The task -
Write out the entries below exactly, starting at the first line and stopping after the line that contains "White black / 43"; skip all pictures.

[Caption-style text data]
***
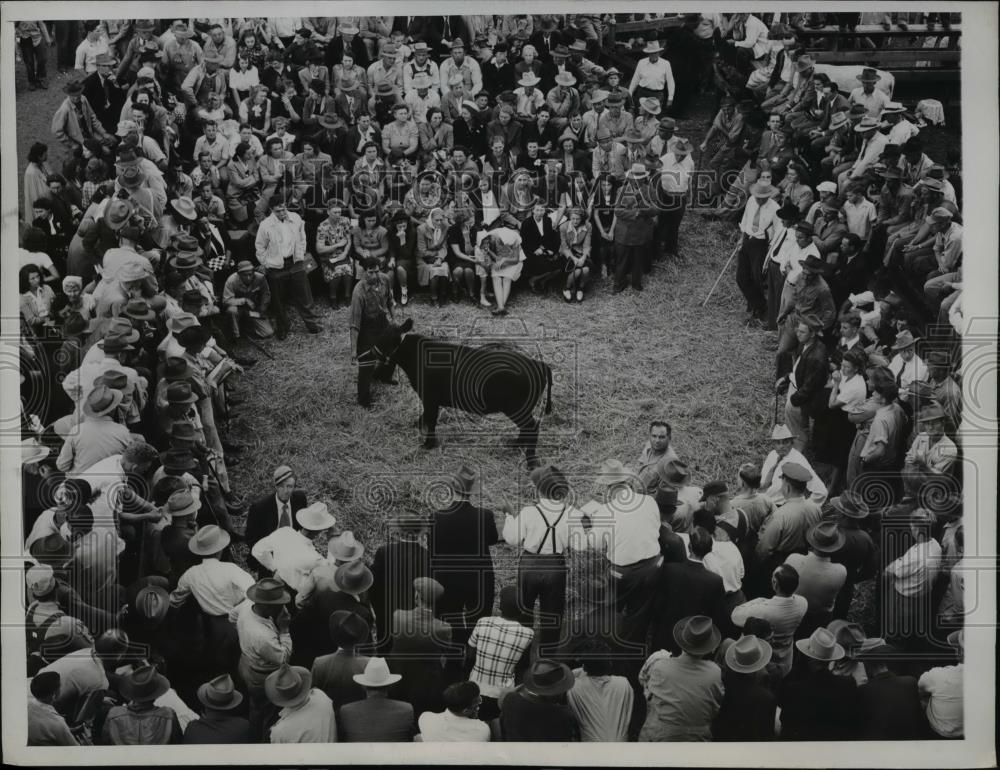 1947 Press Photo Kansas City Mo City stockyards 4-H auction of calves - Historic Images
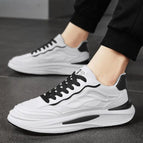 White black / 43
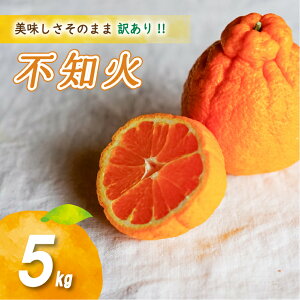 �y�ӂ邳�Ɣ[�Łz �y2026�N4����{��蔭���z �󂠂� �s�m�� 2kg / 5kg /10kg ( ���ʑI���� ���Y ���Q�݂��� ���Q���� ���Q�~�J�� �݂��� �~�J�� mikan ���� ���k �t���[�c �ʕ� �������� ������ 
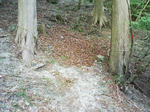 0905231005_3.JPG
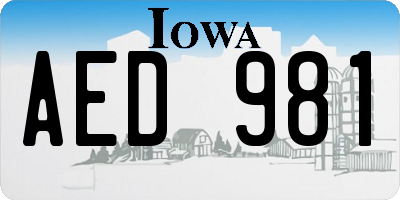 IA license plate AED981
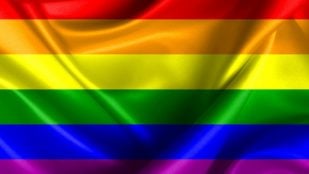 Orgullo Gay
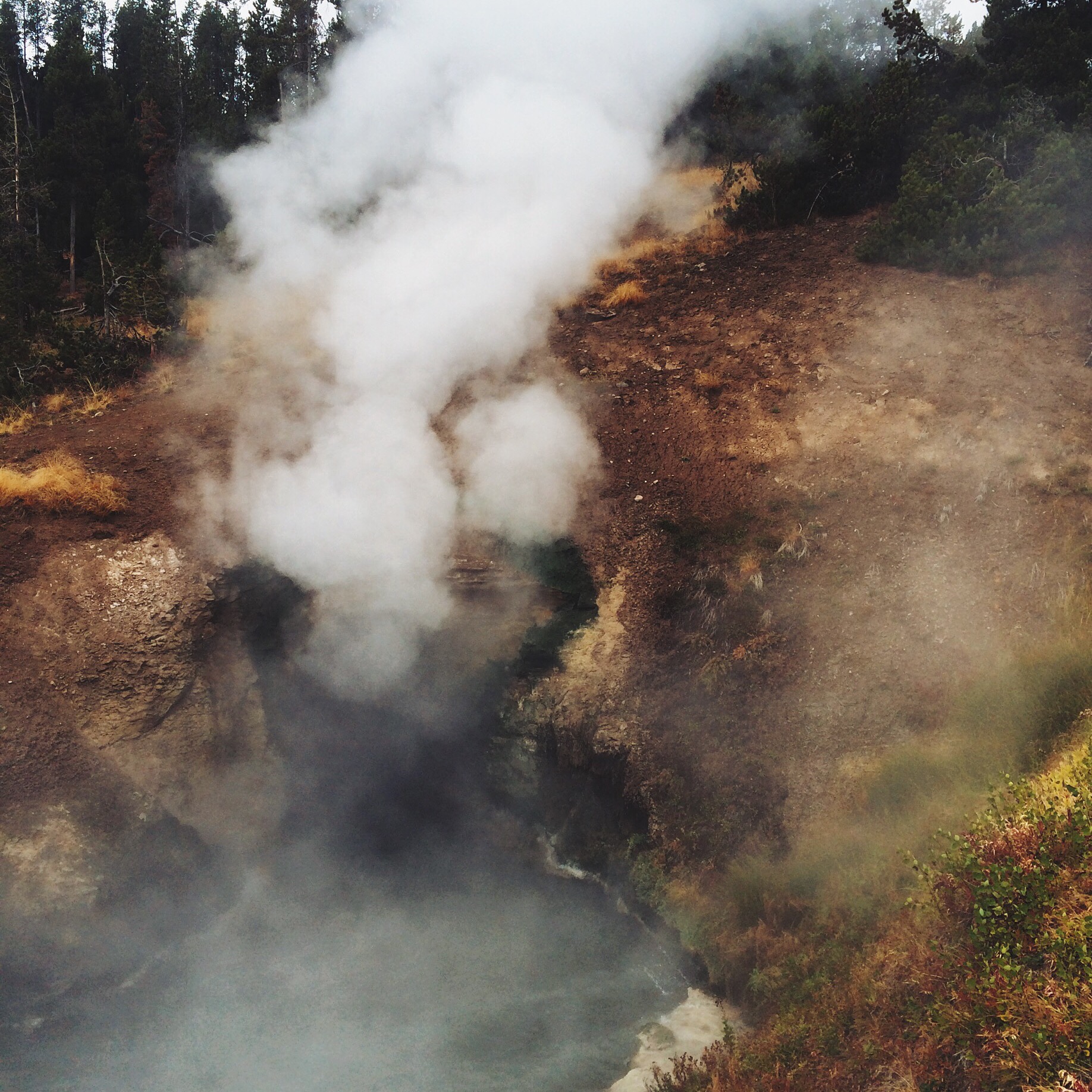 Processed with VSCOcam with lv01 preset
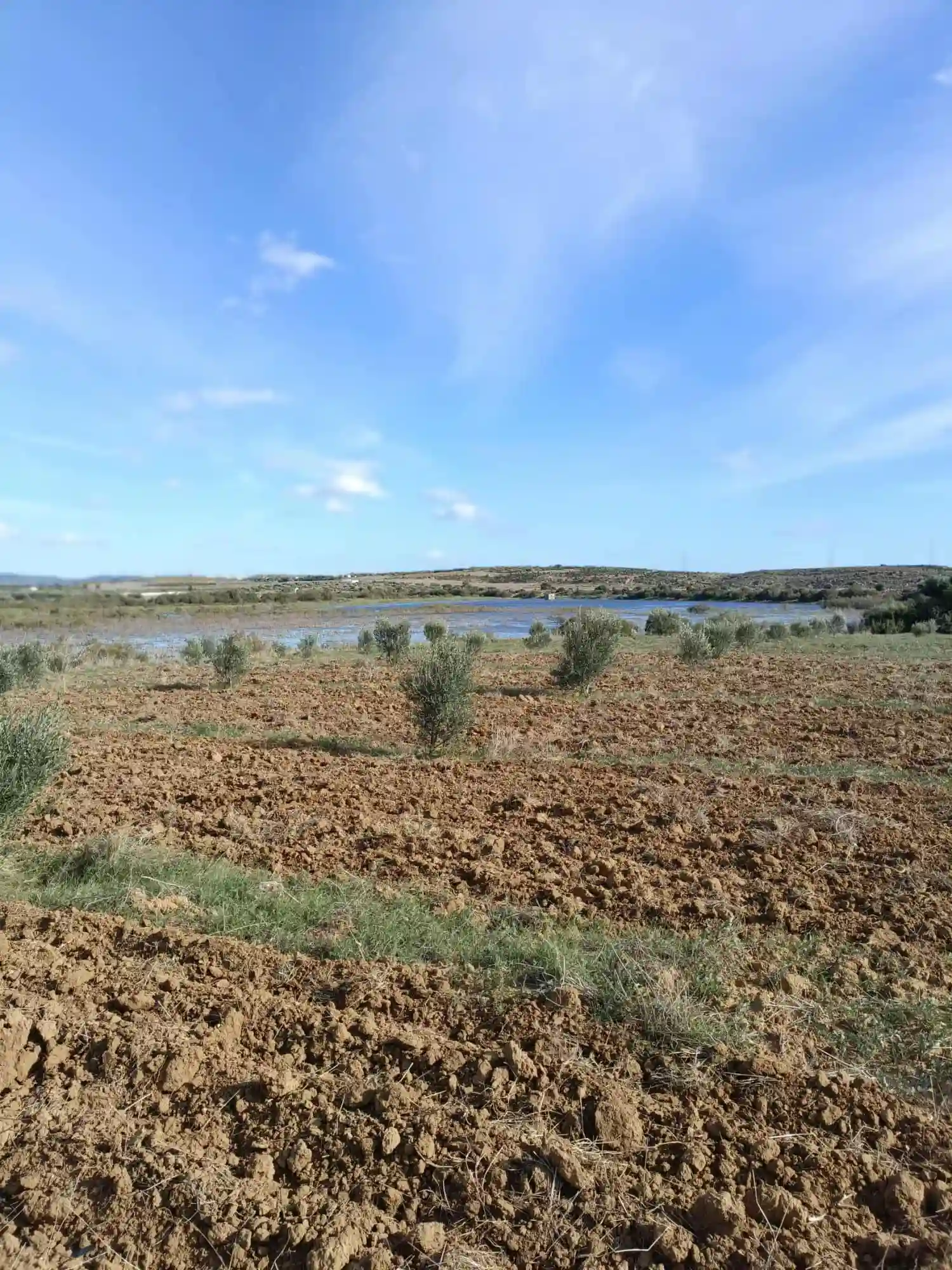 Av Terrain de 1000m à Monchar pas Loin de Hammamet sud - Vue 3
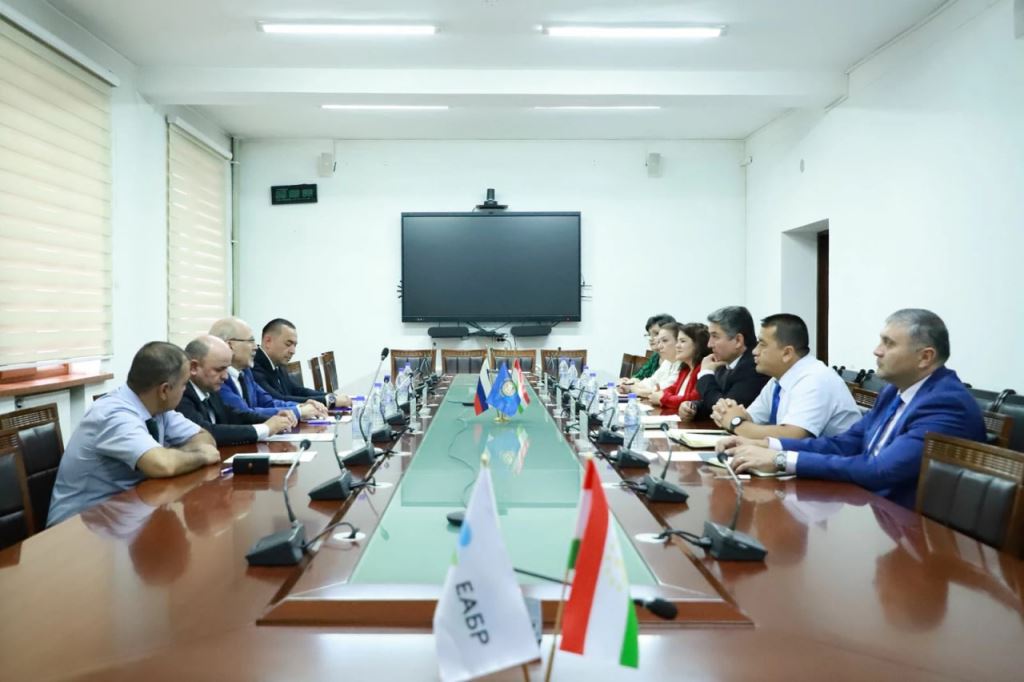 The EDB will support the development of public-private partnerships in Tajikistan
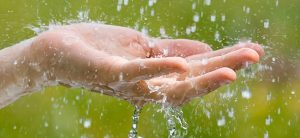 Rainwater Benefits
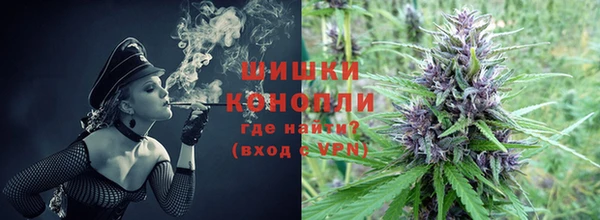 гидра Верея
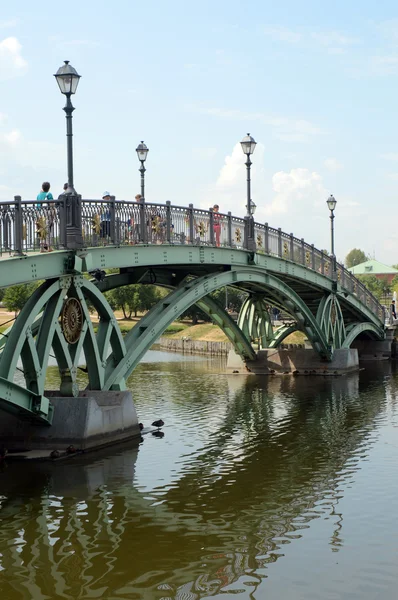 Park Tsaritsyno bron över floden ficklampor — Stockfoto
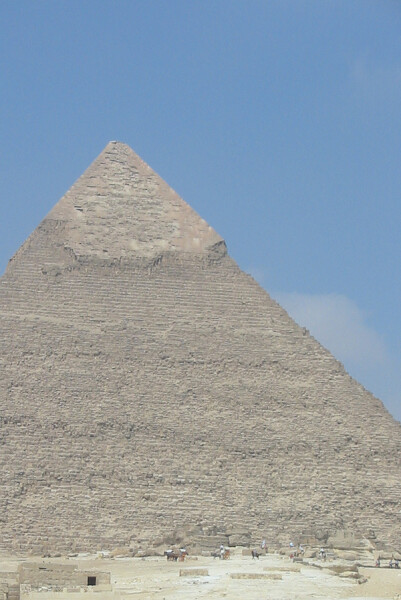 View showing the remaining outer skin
***
Exercise result -
 1947 Press Photo Kansas City Mo City stockyards 4-H auction of calves - Historic Images
 White black / 43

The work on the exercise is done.